Ika lahir dan besar di Ambon. Ia menyelesaikan pendidikan tinggi di bidang Agribisnis Pertanian—sebuah jurusan yang sama sekali tidak berhubungan langsung dengan pelayanan gereja, apalagi penerjemahan Alkitab. Setelah lulus, ia bekerja di Ambon, hingga suatu peristiwa besar mengubah jalan hidupnya. Pada tahun 2003, ibunya terserang stroke, lalu ia bersama ibunya pindah ke Tangerang untuk mendapatkan pengobatan yang lebih baik. Di kota itu, Ika akhirnya mendapat pekerjaan baru.
Sejak masa kuliah, Ika sudah mulai memahami misi Allah. Ia menyadari betapa pentingnya setiap orang mendengar Kabar Baik tentang Yesus Kristus. Namun, ia juga sadar bahwa firman Tuhan hanya bisa benar-benar dimengerti jika dibaca dalam bahasa yang paling dipahami oleh seseorang. Meskipun hatinya tergerak, ia selalu merasa, “Itu bukan bidang saya. Saya lulusan pertanian. Apa yang bisa saya lakukan?” Ia tidak berani membayangkan akan terlibat langsung dalam pelayanan sebesar itu.
Beberapa tahun bekerja di Tangerang, Ika jatuh sakit hingga dirawat di rumah sakit. Dalam kelemahan itu, ia merenungkan ulang tujuan hidupnya. Bukankah seharusnya masa muda dipakai untuk sesuatu yang bernilai kekal? Ia teringat kisah Israel menyeberangi Sungai Yordan, ketika air berhenti mengalir begitu kaki para imam melangkah. Kisah itu meneguhkan imannya: jika ia melangkah dengan taat, Tuhan akan menyertai.

Dengan hati yang sederhana, Ika memutuskan meninggalkan pekerjaannya dan pada tahun 2008 bergabung dengan Yayasan Kartidaya. Keputusan ini bukanlah langkah mudah. Dengan latar belakang pendidikan yang baik dan keuletannya belajar hal-hal baru, sebenarnya ia bisa saja meniti karier di bidang lainnya, namun ia meyakini bahwa panggilan Tuhan dalam hidupnya menjadi arah yang lebih penting untuk diikuti.
Di Kartidaya, Ika mulai terlibat dalam penerjemahan cerita-cerita Alkitab, khususnya untuk masyarakat yang lebih terbiasa mendengar daripada membaca. Bersama tim, ia melatih penutur lokal di berbagai daerah, termasuk di Papua, agar mereka sendiri yang menerjemahkan firman Tuhan ke dalam bahasa hati mereka.

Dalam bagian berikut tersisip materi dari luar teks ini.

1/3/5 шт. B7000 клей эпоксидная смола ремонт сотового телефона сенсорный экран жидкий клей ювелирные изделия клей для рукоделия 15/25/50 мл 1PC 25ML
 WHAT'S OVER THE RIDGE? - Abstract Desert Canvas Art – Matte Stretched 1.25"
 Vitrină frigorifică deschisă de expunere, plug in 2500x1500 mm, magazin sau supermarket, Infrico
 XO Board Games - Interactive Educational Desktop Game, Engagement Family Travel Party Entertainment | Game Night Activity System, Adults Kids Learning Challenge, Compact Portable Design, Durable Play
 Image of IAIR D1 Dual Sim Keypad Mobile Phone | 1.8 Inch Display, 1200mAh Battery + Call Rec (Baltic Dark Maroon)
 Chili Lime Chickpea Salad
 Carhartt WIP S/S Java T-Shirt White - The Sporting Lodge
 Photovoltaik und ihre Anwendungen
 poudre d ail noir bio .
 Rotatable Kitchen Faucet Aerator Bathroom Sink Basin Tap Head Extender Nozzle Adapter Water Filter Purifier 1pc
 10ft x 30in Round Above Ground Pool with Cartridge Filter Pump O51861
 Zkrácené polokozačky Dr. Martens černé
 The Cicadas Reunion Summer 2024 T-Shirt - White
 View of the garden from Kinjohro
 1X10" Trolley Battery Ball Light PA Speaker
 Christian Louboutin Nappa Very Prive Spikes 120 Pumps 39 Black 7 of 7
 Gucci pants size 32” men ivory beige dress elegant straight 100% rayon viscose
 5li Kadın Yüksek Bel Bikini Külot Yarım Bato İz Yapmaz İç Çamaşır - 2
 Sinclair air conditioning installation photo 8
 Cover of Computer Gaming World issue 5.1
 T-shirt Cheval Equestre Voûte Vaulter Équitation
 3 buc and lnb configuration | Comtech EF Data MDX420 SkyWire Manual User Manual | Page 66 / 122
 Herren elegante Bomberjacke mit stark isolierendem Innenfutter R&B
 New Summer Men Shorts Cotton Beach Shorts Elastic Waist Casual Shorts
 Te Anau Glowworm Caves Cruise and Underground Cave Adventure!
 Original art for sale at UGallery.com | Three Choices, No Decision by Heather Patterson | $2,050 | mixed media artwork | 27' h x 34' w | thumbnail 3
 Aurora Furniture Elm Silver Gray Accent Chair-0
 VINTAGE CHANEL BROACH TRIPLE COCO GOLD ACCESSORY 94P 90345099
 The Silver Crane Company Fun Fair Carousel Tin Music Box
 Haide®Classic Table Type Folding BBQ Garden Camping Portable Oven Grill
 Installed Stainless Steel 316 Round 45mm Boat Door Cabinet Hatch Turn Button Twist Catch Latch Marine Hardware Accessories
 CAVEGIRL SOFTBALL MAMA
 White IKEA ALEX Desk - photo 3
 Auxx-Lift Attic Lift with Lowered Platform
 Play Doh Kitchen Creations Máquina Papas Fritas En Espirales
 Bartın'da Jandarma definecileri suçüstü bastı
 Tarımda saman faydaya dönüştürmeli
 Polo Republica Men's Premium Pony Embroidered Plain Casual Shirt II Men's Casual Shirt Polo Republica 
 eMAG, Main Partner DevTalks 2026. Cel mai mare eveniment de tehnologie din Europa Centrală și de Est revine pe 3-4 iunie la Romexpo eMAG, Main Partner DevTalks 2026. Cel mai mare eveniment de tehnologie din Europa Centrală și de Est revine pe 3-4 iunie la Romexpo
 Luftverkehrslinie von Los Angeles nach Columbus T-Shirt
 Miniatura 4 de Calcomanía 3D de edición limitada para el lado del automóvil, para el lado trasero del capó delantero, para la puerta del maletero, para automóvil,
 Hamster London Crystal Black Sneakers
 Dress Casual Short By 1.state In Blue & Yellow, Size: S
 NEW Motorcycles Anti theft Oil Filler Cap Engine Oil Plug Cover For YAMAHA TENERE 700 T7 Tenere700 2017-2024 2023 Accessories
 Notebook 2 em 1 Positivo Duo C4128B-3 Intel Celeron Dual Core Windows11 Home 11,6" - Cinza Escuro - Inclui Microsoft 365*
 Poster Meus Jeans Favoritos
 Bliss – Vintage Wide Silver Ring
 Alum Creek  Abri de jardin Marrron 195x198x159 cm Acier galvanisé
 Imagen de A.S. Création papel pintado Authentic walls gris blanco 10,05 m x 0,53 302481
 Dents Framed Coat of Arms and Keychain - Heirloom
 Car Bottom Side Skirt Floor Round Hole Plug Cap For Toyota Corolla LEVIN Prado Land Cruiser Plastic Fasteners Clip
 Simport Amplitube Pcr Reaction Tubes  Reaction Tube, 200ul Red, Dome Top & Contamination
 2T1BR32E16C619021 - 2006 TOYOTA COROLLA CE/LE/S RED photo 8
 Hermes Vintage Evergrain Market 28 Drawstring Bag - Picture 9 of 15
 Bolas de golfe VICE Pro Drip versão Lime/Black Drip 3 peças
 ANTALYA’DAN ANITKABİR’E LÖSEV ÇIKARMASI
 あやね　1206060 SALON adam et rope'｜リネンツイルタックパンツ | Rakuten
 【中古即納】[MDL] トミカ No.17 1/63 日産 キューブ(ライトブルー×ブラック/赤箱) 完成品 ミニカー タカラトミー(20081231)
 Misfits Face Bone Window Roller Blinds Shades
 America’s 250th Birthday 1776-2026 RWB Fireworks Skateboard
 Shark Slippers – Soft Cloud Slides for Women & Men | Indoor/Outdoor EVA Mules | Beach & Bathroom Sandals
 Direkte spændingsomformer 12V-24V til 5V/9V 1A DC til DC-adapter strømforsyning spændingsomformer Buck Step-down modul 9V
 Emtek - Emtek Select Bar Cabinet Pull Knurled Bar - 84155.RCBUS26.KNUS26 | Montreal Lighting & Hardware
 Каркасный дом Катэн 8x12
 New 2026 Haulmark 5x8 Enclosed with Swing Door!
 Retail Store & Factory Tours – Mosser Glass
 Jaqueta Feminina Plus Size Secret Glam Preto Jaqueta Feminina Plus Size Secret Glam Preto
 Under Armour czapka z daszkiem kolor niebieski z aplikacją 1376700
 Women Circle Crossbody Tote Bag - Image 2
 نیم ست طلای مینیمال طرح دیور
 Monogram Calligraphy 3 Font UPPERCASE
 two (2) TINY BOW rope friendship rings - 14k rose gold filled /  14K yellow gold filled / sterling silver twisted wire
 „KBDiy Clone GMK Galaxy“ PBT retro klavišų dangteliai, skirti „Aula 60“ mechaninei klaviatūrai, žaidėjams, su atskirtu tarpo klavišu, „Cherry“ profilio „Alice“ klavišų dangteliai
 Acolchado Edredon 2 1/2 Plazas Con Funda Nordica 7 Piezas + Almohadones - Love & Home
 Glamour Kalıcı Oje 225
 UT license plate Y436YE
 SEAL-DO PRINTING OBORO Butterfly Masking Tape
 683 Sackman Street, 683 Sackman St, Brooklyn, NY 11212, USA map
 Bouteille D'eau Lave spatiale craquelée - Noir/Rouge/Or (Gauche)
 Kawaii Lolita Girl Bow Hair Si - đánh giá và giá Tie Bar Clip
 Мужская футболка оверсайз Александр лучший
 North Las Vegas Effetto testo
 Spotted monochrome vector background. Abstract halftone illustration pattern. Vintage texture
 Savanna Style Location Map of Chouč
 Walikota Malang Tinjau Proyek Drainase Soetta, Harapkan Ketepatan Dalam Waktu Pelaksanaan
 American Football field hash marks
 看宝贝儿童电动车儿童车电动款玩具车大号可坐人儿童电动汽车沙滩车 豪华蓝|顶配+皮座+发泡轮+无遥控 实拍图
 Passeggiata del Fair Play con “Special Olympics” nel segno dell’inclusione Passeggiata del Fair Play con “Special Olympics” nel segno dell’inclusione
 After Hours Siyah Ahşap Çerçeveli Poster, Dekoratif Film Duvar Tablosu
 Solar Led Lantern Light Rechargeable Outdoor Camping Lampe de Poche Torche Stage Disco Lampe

Buah dari pekerjaan ini luar biasa. Orang-orang sederhana yang mendengar cerita Alkitab mulai mengalami perubahan hidup: ada yang belajar mengasihi pasangannya, ada yang menemukan penghiburan di tengah duka, ada yang berani hidup jujur dan setia. Lebih dari itu, para penerjemah lokal yang ia dampingi juga bertumbuh dalam iman, bahkan memengaruhi keluarga mereka. Beberapa anak mereka kini terpanggil menjadi penerjemah Alkitab.
Perjalanan panjang itu menumbuhkan kerinduan Ika untuk semakin mendalami firman Tuhan. Ia pun menempuh pelatihan bahasa Ibrani Alkitab selama hampir dua tahun, sebuah kesempatan berharga yang memperkaya pemahamannya akan Kitab Suci. Bekal ini tidak hanya ia pakai dalam pelayanan penerjemahan, tetapi juga untuk memperlengkapi orang lain. Saat ini, Ika sedang menjalani proses pelatihan untuk menjadi konsultan penerjemahan, agar ia dapat menolong para penerjemah menghasilkan terjemahan yang baik. Dengan demikian, pekerjaan besar ini tidak berhenti pada dirinya saja, melainkan diteruskan oleh banyak orang.
Mendengar kisah ini, kita tahu bahwa Ika tidak pernah mencari sorotan. Ia sendiri sering berkata bahwa apa yang dikerjakannya ibarat “memindahkan air laut dengan sendok.” Tetapi justru di situlah kerendahan hatinya terlihat. Ia tidak menonjolkan kemampuan diri, melainkan hanya ingin taat pada panggilan Allah.
Kini, setelah lebih dari satu dekade melayani, Ika tetap melihat dirinya sebagai alat kecil dalam rencana besar Tuhan. Hidupnya menjadi bukti bahwa pelayanan bukan soal kepandaian, melainkan ketaatan. Dan dari seorang lulusan pertanian yang merasa tidak mampu, Allah menunjukkan bagaimana kerendahan hati bisa dipakai untuk menghadirkan firman-Nya kepada bangsa-bangsa.